Being a mother myself, I think I speak with some authority when I say that one day is not nearly enough to recognize what mothers contribute to this world — people, for one thing. Come on, there are actually groups that are honored for entire weeks, months even! And we get only a day? Heck, did you know this is the Year of the Solar System. A whole YEAR for something that just IS, through no effort of its own.
But I think I know why we mothers get only one day of being honored. Humans have a love-hate relationship with mothers. How do I know this? Well, one of my guilty pleasures is reading advice columns. It actually makes me feel better. You know, your mother can (or could) annoy the heck out of you, but all in all, you love her. Well, if you read advice columns, you find out that some people’s mothers (and mothers-in-law) are not especially lovable, and some are downright despicable.
Take this from Dear Prudence. A woman writes that her mother says things to her grandchildren such as “I’m gonna kill you!” and has loud racist arguments with her. Yikes! Another woman writes that she made a children’s book for her adult daughter illustrated with pictures of her pets, but the daughter said she’d been too busy to open it. Brother, mother, get a new hobby! A new mom writes that her own mother has barely seen her new baby and she feels closer to her stepmother.
Dear Abby entertains a letter from a woman who doesn’t want children because her own mother “was a bitter, unforgiving, jealous woman.” Did having a daughter do that to her? Another letter writer says, “My mother has a long history of lying in what appears to be her attempt to manipulate others.”
In fact, most letters are complaints about mothers and mothers-in-law, followed by letters about brides and husbands who don’t measure up to expectations. So I don’t think we’ll be seeing the Year of the Mother any time soon, just like we won’t be seeing the Year of the Bridezilla or the Year of the Snoring Husband.
Mother’s Day is the second-best day of the year for flower sales, right after Valentine’s Day (is there a connection?).

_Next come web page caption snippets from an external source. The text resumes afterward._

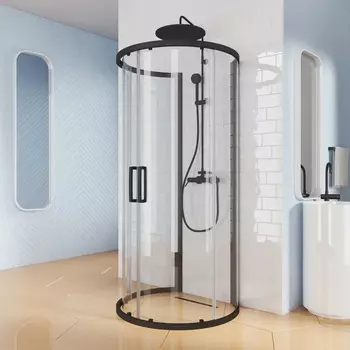 Душевой уголок Kubele DE018 DE018RR4L-CLN-BLM-105х105х200 105х200, профиль черный матовый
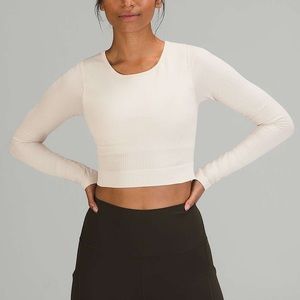 Lululemon Ebb to Street Long Sleeve White Opal / size 6 NEVER WORN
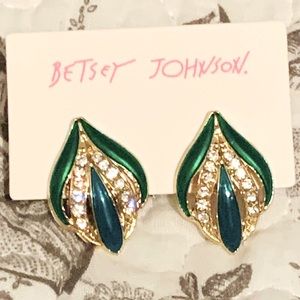 💚🆕 Betsey Johnson Style - Green & Blue Stud Earrings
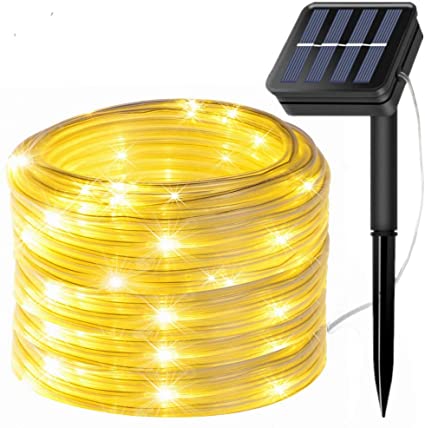 FANSIR Solar String Lights Outdoor Rope Lights, 8 Modes 100 LED Solar Powered Outdoor Waterproof Tube Light Copper Wire Fairy Lights for Garden Fence Patio Yard Party Wedding Decor (Warm White)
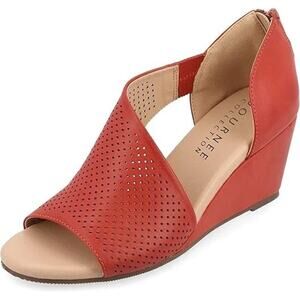 Journee Collection Women's Aretha Wedge Tru Comfort Foam Sandals, Rust Size 7.5M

So horrible mothers must be in the minority. It could be, too, that the things that drive you crazy about your mother turn out to be the things that you are most grateful for. So she wouldn’t let you hang around with the bad kids, smoking cigarettes and drinking beer. Now that you’re a doctor or a police officer, you can appreciate her for it. She wouldn’t let you wear a see-through blouse so you didn’t get to marry Prince William — Kate did after she wore the see-through blouse. You don’t want to live in London and have the Queen for a mother-in-law, so you are grateful to your mother for saving you from that fate. She made you get a haircut and wouldn’t let you wear your ball cap backwards in her presence. Now you realize how much better you look in your senate seat campaign pictures because of your mother.
So you put up with a little meddling, you let her feed your kids candy, you’re nice to her friends because you know they know everything about you. You even pretend you don’t care when she wonders aloud if your husband works hard enough or if your bathrooms are clean enough.
After all, she’s your mother. If it weren’t for her…
Happy Mother’s Day!
Book Club news
My sister Susan suggests The Many Deaths of the Firefly Brothers by Thomas Mullen. It’s gotten mixed reviews, but she says it’s a great read.